For the other metrics, the Logistic Regression also seemed to have slightly superior specificity, sensitivity, and precision.
Both seemed to perform well with the sensitivity, though. Both models had a sensitivity of around 0.94 in terms of being able to correctly predict posts belonging to body weight fitness.
Specificity in this case is how well the model correctly predicted those in the 0 or r/weightlifting class, the models were correct between 0.85 and 0.82 percent of the time.
A condensed data dictionary is below. It was not possible to provide a complete list of all variables due to the way the submission text was vectorized.
Both models predicted to which subreddit the post belonged to better than the baseline or null model which had a 57% accuracy.
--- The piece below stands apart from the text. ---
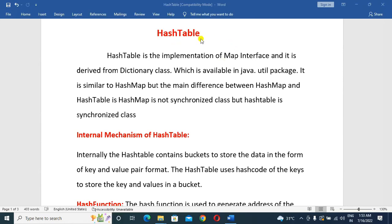This video is about the HashTable. The HashTable is an implementation of the Map interface — it is an implementation class. It is derived from the Dictionary class, which is available in the java.util package. The HashTable is part of the java.util package.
These models performed similarly although most of the metrics for the Logistic Regression appeared to edge out the Naïve Bayes. The exception here would be the train and test accuracy. The Logistic Regression seemed to be slightly more overfit than the Naïve Bayes.
Lastly, there are interesting differences in the top words found in each subreddit. Perhaps not so surprising to fitness enthusiasts but the lists shown earlier have some obvious differences.